*Work order*.
Extract verbatim every line from the one containing "Panasonic 4K Blu-ray" to the final line of the records below, inclusive, and exclude all pictures.

*Source information*.
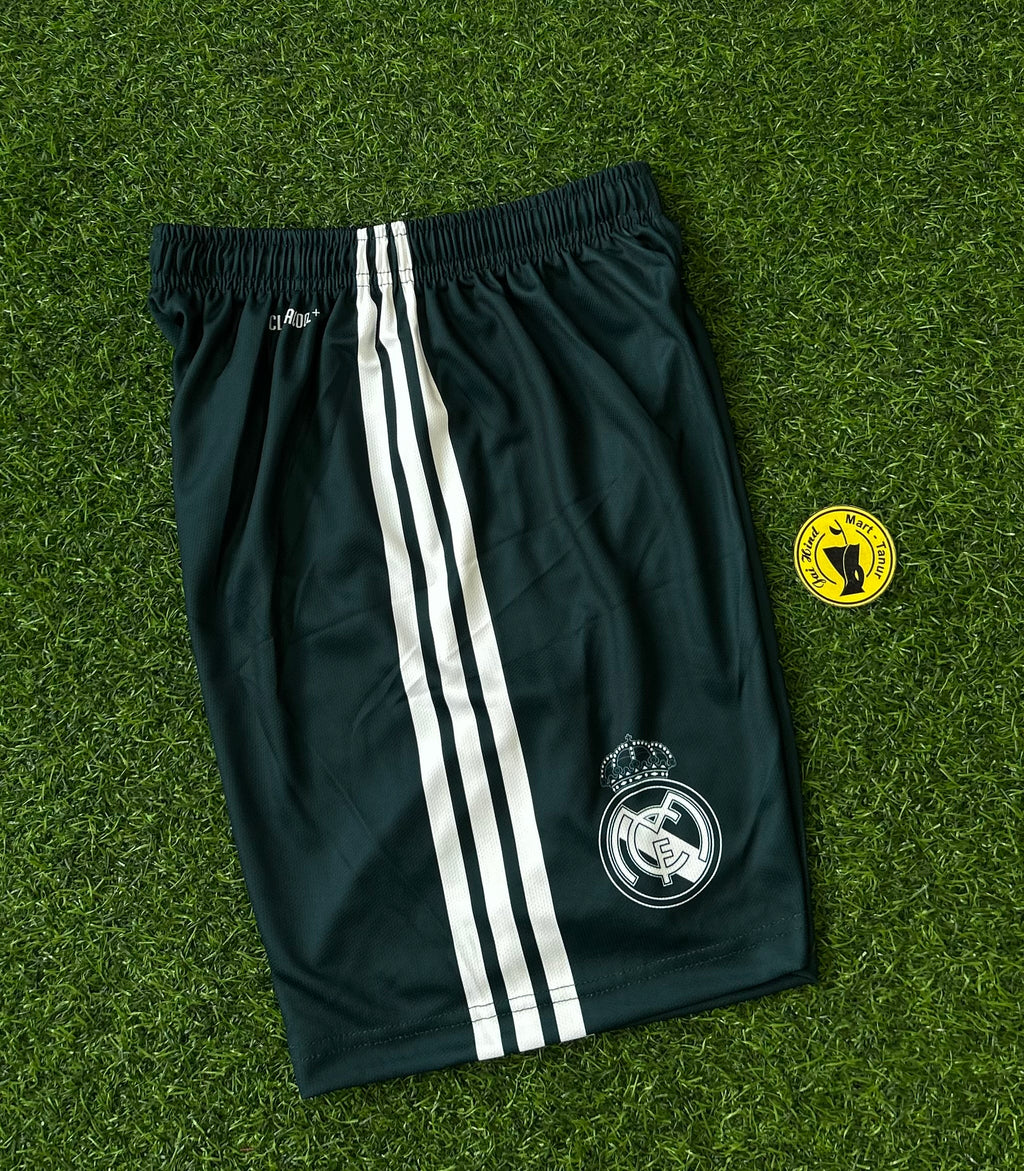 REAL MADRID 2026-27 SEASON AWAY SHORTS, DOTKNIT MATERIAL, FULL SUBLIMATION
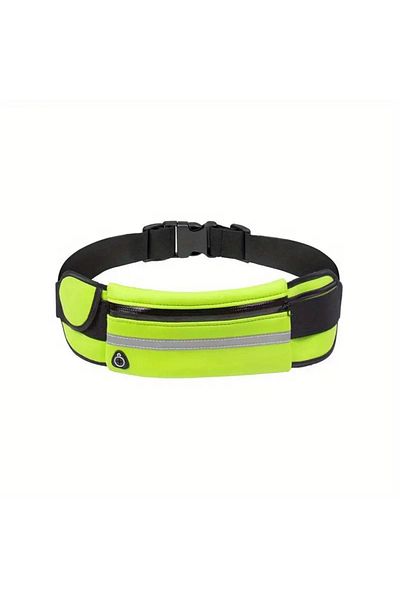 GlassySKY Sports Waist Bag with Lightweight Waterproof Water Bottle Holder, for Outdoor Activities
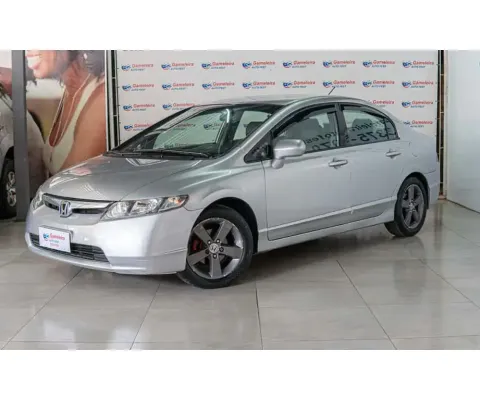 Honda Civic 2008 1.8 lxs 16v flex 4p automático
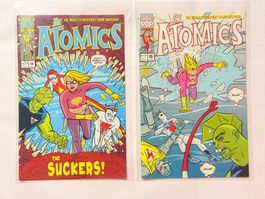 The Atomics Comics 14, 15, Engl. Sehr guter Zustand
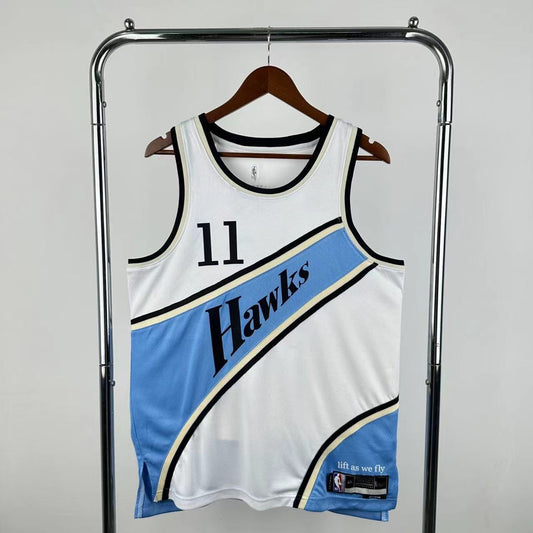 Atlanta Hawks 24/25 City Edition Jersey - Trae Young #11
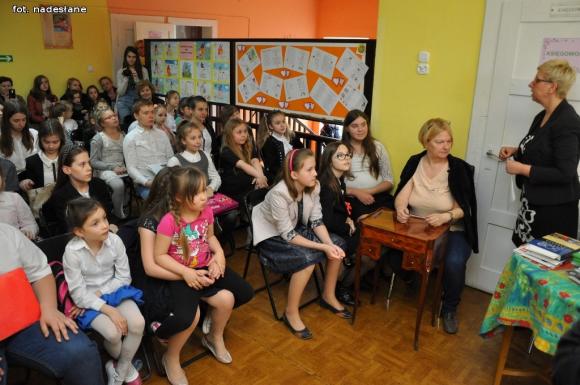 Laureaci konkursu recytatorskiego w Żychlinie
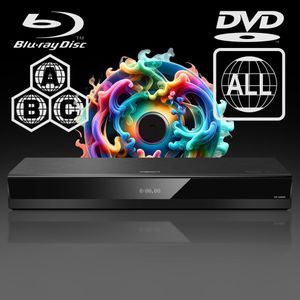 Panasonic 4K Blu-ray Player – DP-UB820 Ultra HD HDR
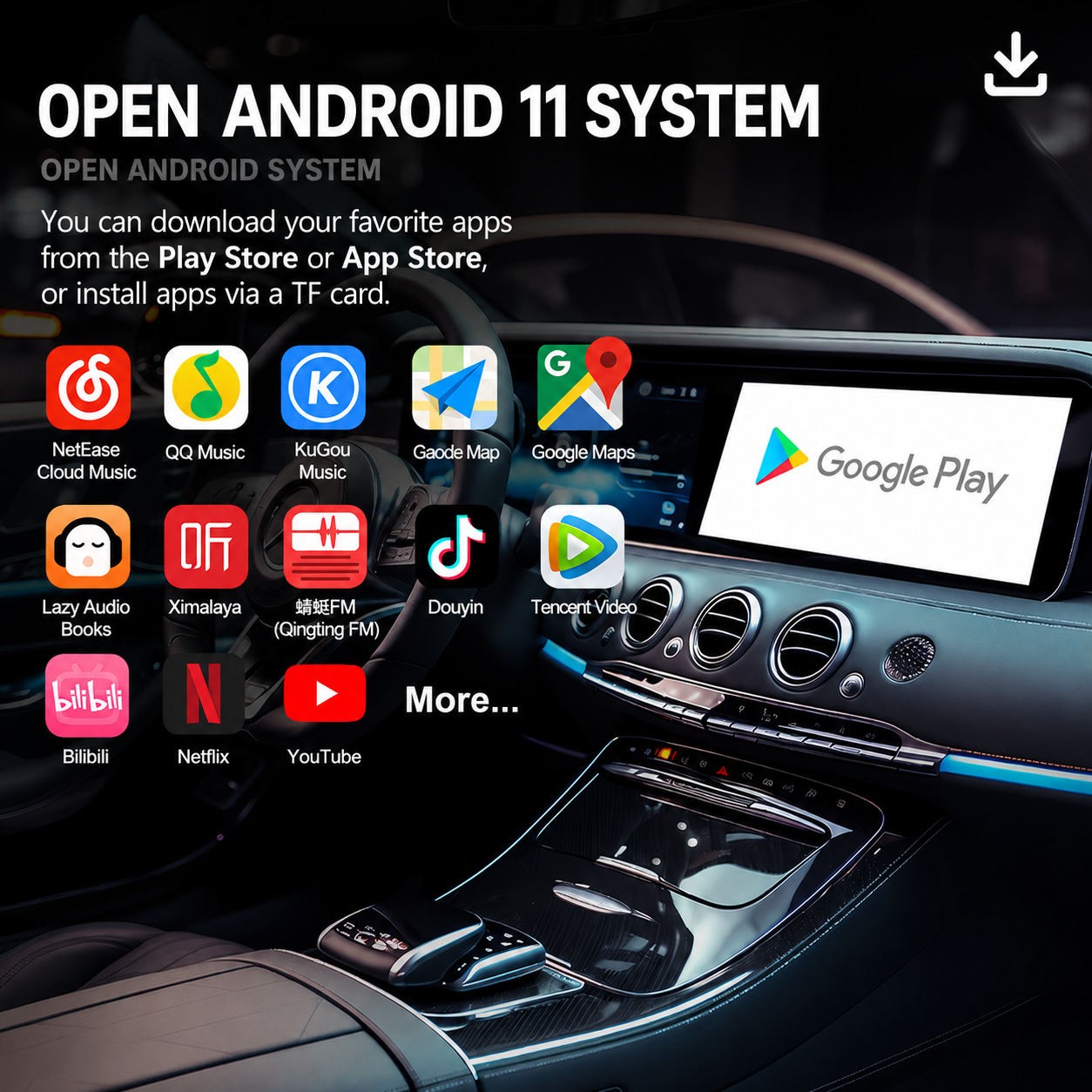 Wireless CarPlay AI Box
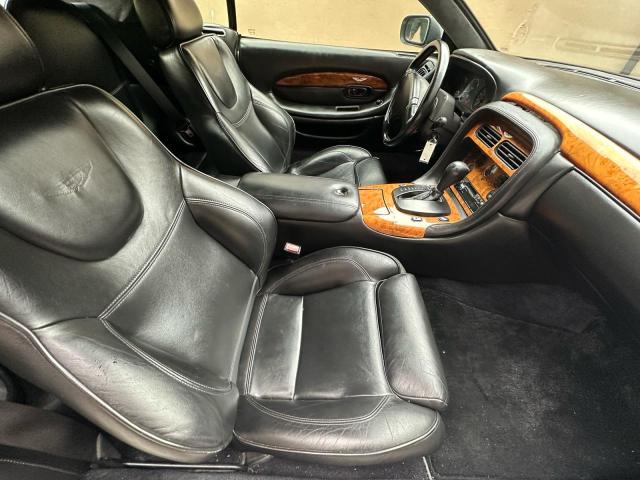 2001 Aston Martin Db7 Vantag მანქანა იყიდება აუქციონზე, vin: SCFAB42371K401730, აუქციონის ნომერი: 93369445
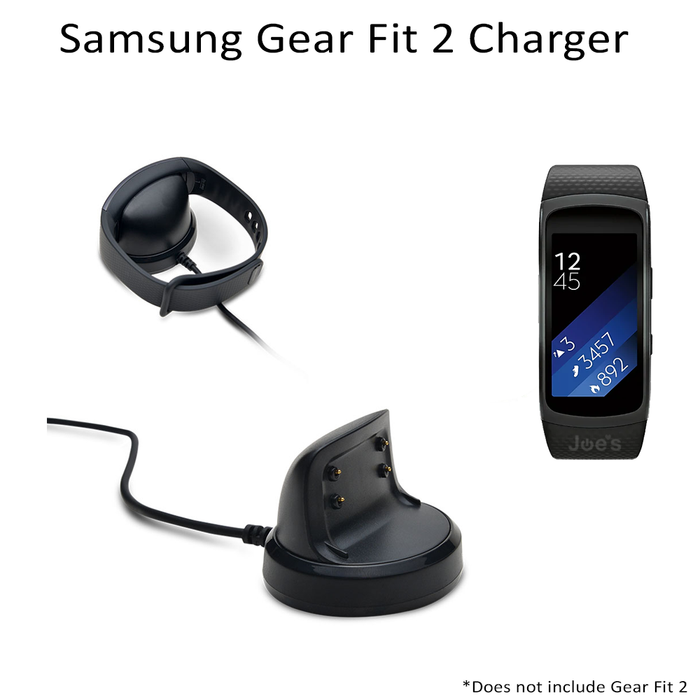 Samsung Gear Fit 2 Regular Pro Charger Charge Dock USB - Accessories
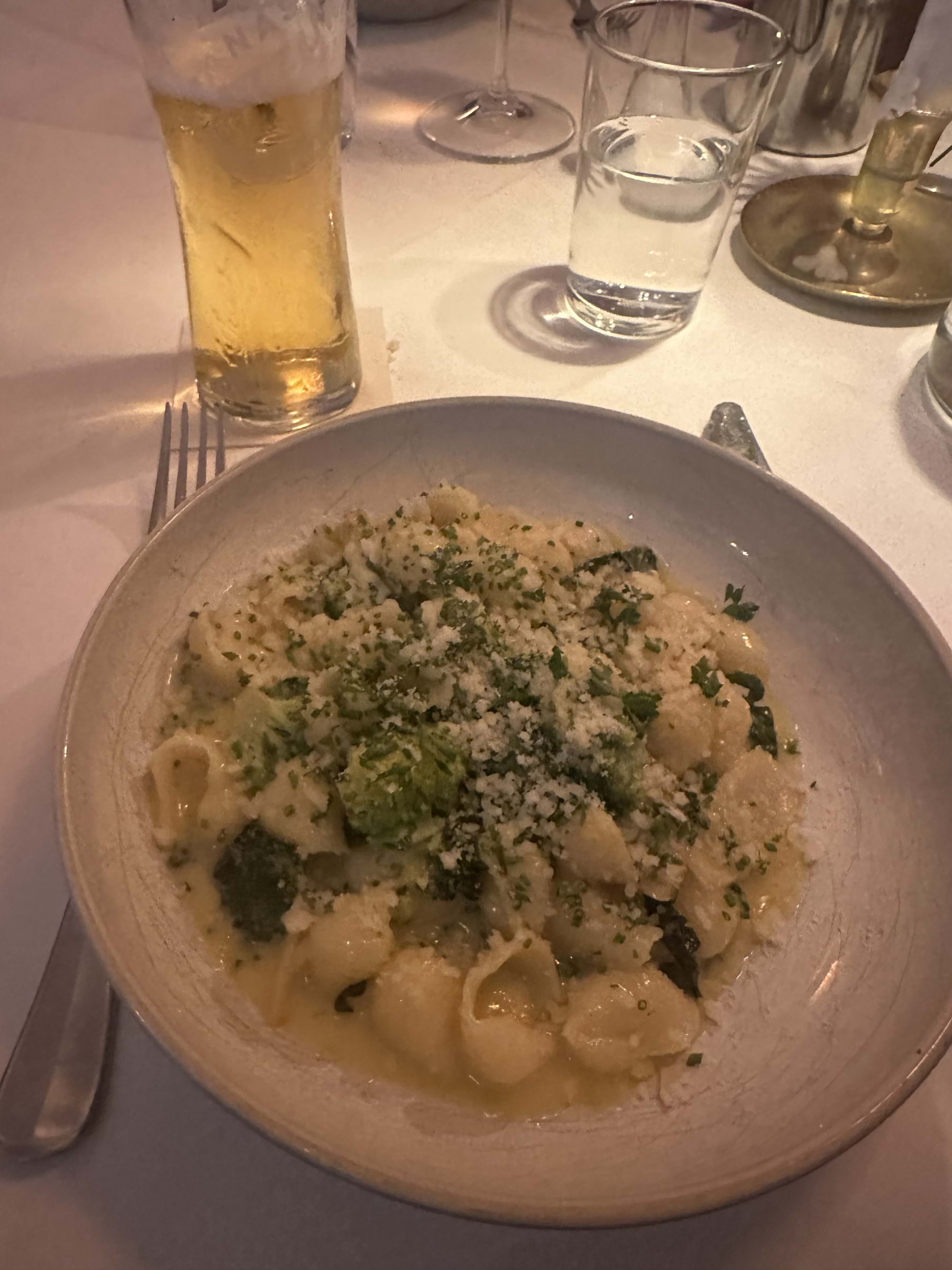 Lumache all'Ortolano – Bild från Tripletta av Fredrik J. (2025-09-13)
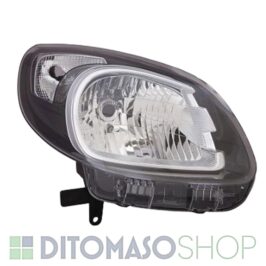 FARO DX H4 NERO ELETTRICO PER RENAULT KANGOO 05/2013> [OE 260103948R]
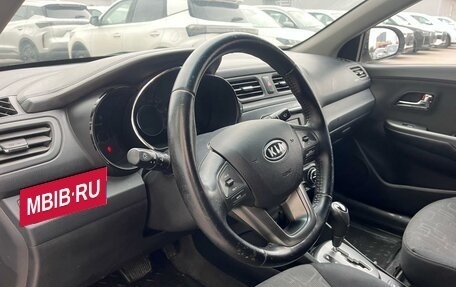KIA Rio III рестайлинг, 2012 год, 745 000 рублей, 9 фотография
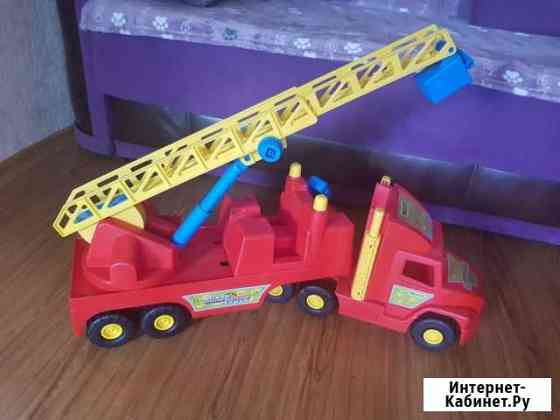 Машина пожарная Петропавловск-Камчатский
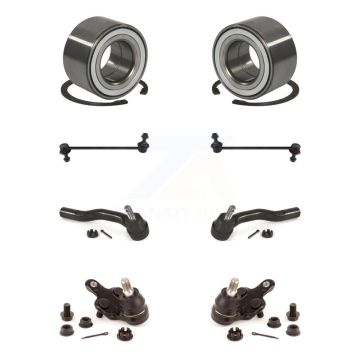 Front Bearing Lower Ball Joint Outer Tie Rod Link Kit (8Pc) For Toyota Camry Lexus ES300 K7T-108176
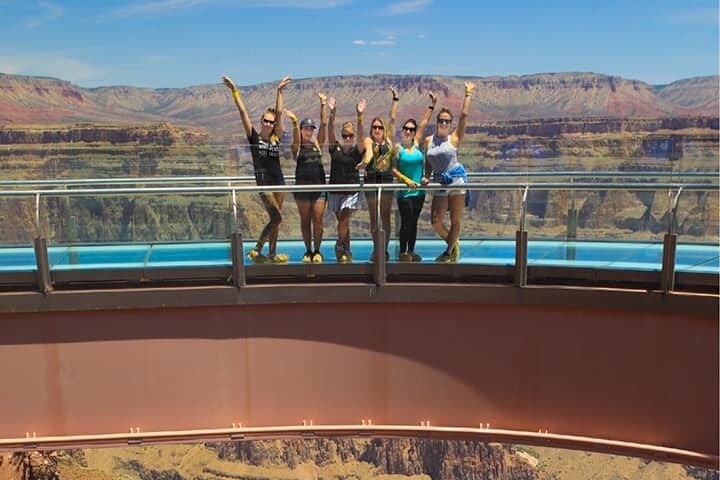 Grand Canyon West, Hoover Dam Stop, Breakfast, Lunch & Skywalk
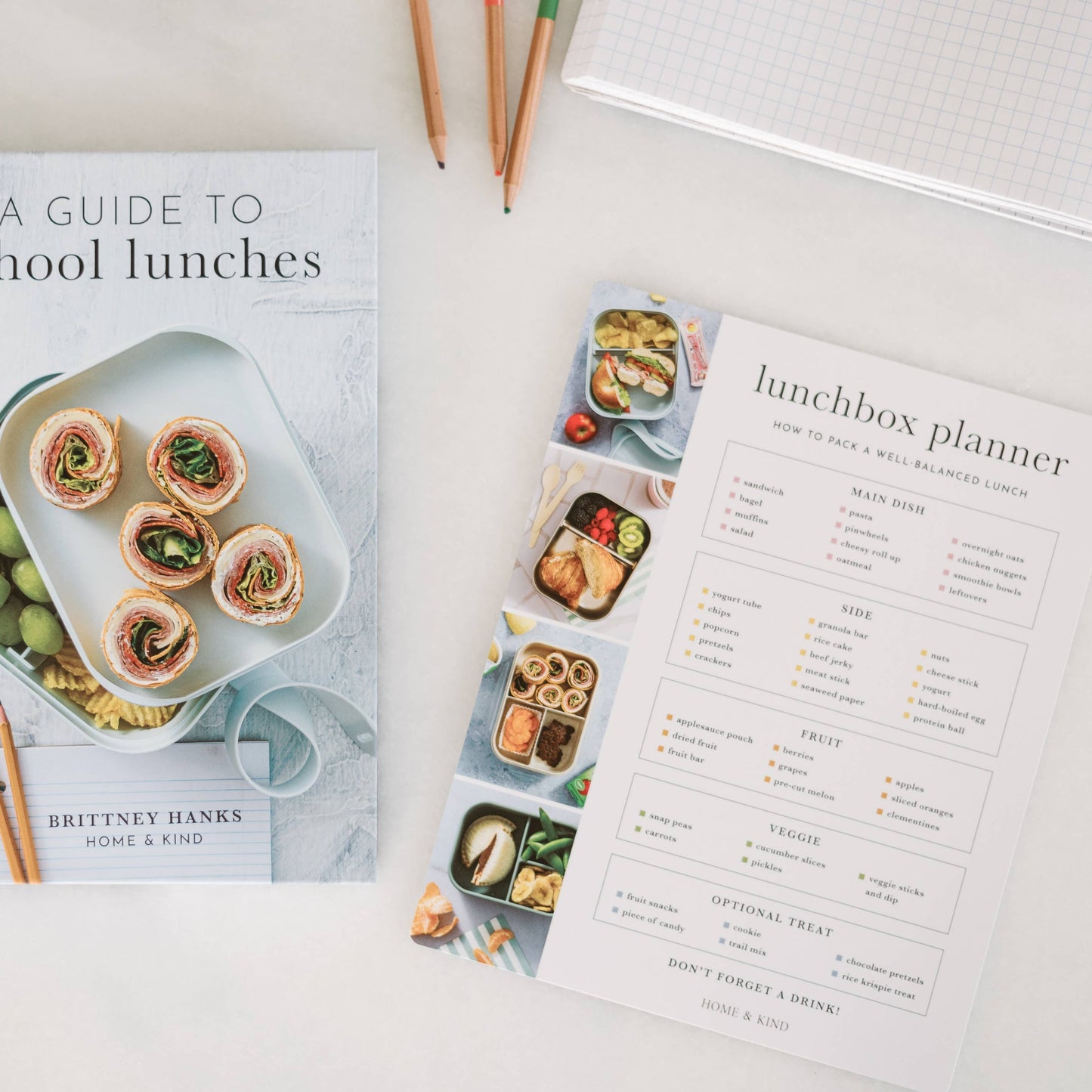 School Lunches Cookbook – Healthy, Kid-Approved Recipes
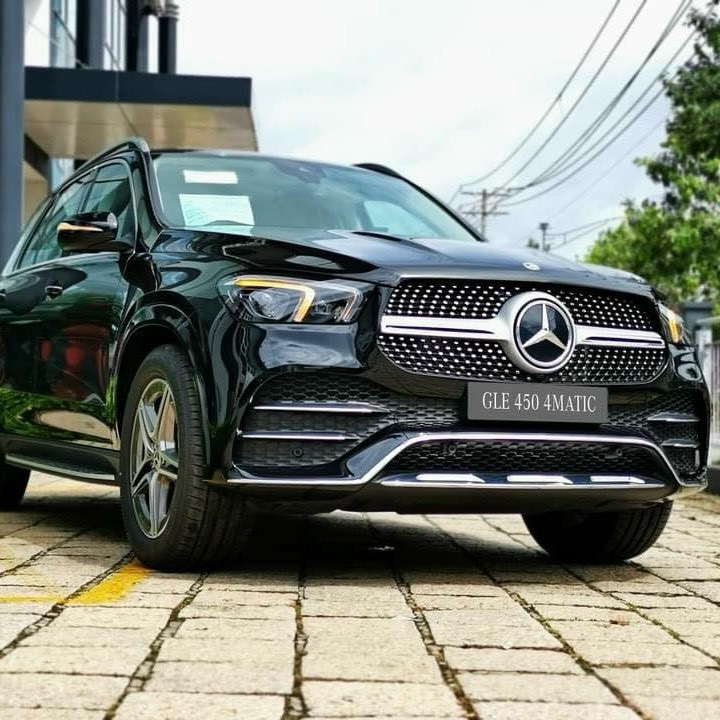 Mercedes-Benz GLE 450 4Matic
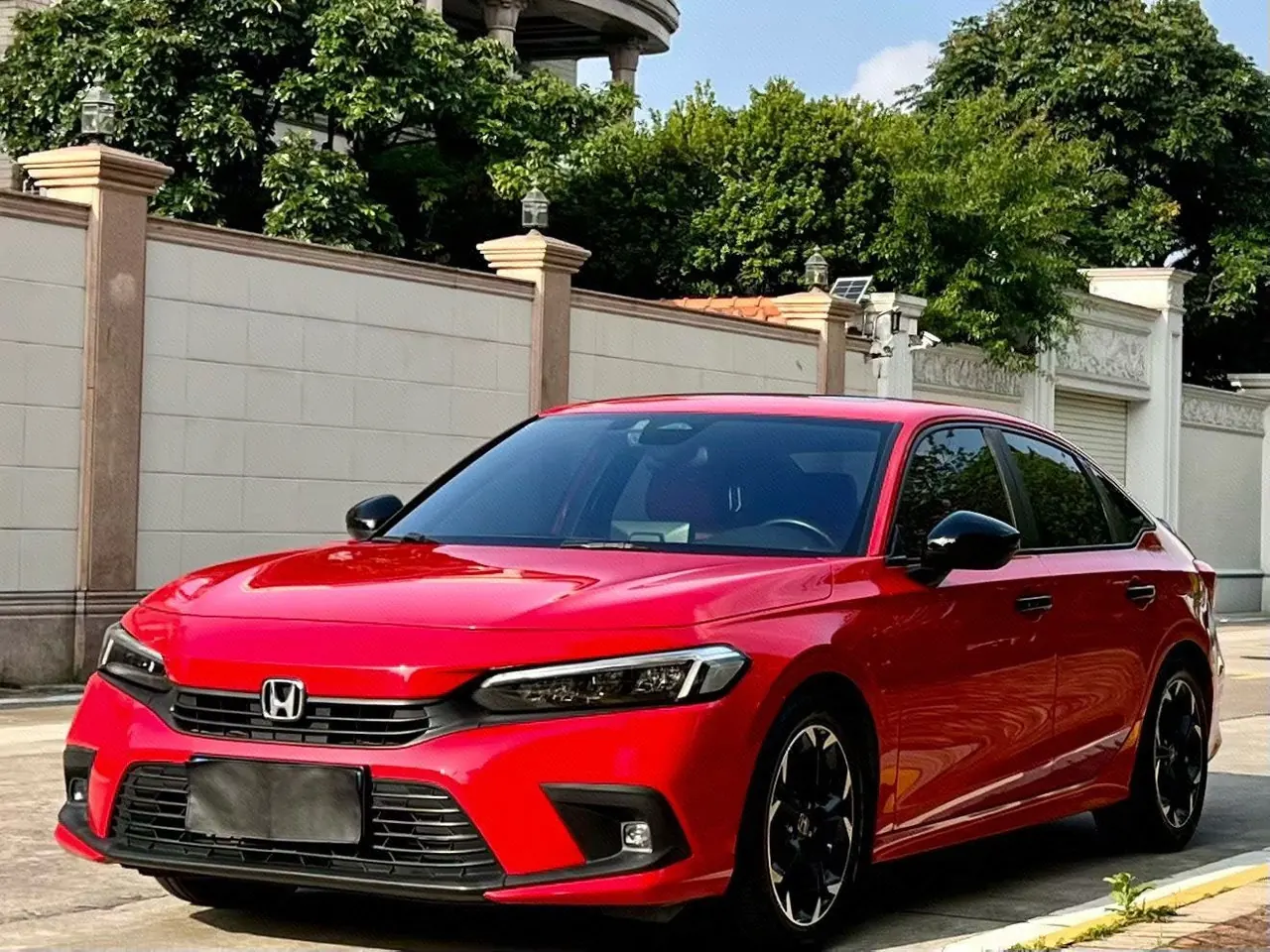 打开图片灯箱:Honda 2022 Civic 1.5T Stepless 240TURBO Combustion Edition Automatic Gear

*Answer to the problem*.
 Panasonic 4K Blu-ray Player – DP-UB820 Ultra HD HDR
 Wireless CarPlay AI Box
 2001 Aston Martin Db7 Vantag მანქანა იყიდება აუქციონზე, vin: SCFAB42371K401730, აუქციონის ნომერი: 93369445
 Samsung Gear Fit 2 Regular Pro Charger Charge Dock USB - Accessories
 Lumache all'Ortolano – Bild från Tripletta av Fredrik J. (2025-09-13)
 FARO DX H4 NERO ELETTRICO PER RENAULT KANGOO 05/2013> [OE 260103948R]
KIA Rio III рестайлинг, 2012 год, 745 000 рублей, 9 фотография
 Машина пожарная Петропавловск-Камчатский
 Front Bearing Lower Ball Joint Outer Tie Rod Link Kit (8Pc) For Toyota Camry Lexus ES300 K7T-108176
 Grand Canyon West, Hoover Dam Stop, Breakfast, Lunch & Skywalk
 School Lunches Cookbook – Healthy, Kid-Approved Recipes
 Mercedes-Benz GLE 450 4Matic
 打开图片灯箱:Honda 2022 Civic 1.5T Stepless 240TURBO Combustion Edition Automatic Gear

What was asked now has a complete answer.